Small commits and pull requests
Why you should strive to commit early, push often and keep pull requests small
Small, atomic commits
- Commits should be "atomic": a single commit should be dedicated to a single (sub)task
- Separate commits for refactoring, bug fixes and new features
- Avoid batching multiple kinds of changes together in a single commit
- Each commit should represent one step forward in your process of solving the bug or implementing the feature
- A commit represents a small incremental change to the codebase
- Still likely to touch multiple files
- Each commit should leave the codebase in a valid state
- Tests should pass, the system should build properly, ...
- Ideally, the commit also includes new tests relevant to the commit
- Avoid committing throwaway code, commented-out code,
TODO
comments, ...- These make commit history harder to understand and PRs harder to review
Approach:
- Divide your work into small subtasks (30-60 minutes is ideal, more than 4 hours is probably too long)
- Added benefit: this is a great way to fight procrastination and also makes it easier to context switch if needed
- Work only on one subtask at a time and commit your changes once you have finished a subtask (taking care to leave the codebase in a valid state)
- If you see the need for refactoring of fixes in the code you need to touch, try to put these in separate commits (either before or after you make your main changes)
- If you are about to make a change which should be a separate commit (dependency install, refactor, …) you can stash your current changes to start from a clean slate and make that change as one logical commit.
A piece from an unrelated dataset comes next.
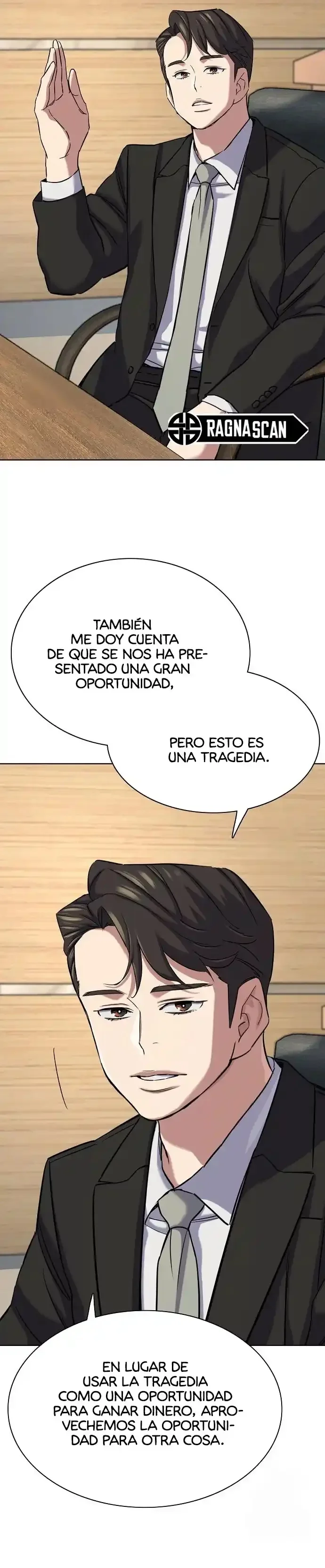 Capítulo 184, página 32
Then, you can restore the stash and continue.
- If you already have a whole bunch of uncommitted changes that should ideally be split into multiple commits, you can stage specific files or even specific lines inside files to commit them separately
- Can work fine as long as different logical changes don't touch the same code
Benefits:
- Focused commits make it easier to also provide focused commit messages
- Easy to undo or revert a specific change
- It's hard to throw away one specific change if it's mixed with a bunch of other changes to the same set of files
- Makes pull request reviews easier
- Reviewers can choose their view (total diff versus looking at separate commits)
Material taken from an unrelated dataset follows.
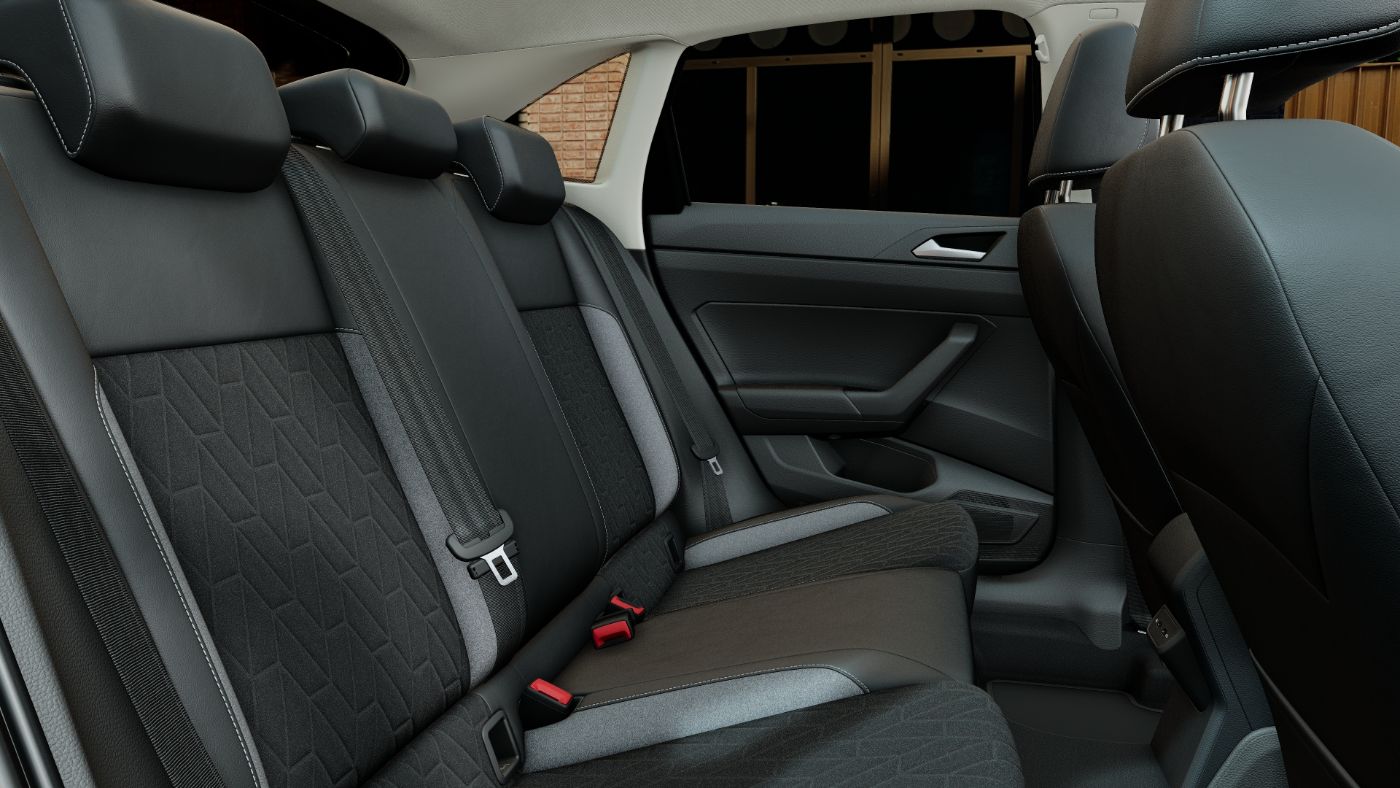 Taigo GOAL TSI+AHK+ALU 17+TRAVEL ASSIST+LED+APP CONNECT+KLIMA+EINPARKHILFE+ACC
- Commit log a clear story of how you tackled the problem
Frequent pushes
- When you make your small, atomic commits, also push them to a remote repository
- "Commit Early, Push Often"
Benefits:
- Pushing your work to a remote repository prevents you from losing your work due to disk failures or even brain farts
- Pushing your commits as you make them provides transparency into your process
- Gives your colleagues an idea of how far you are
- Sometimes, your colleagues might be able to give you some early feedback or tips, potentially saving hours or even days of wasted work
Small pull requests
- Keep pull requests small and focused
- Reviewers should be able to keep the entire pull request in their head when analyzing the code
- As a reviewer, it should take you minutes rather than hours to review a pull request
- It can help to split up issues/tasks into smaller ones
- It can help to create a sequence of pull requests for one bigger issue/task
- It can help to move big refactors into their own pull request
Benefits:
- Makes reviewer's life easier
- Faster reviews mean the developer gets their feedback when the everything is still fresh in their mind
- Avoids long-running feature branches
- Reduces risk of developers writing conflicting code
- Allows developers to build on top of each other's changes without having to build on top of someone else's feature branch (or, even worse, some combination of other people's branches)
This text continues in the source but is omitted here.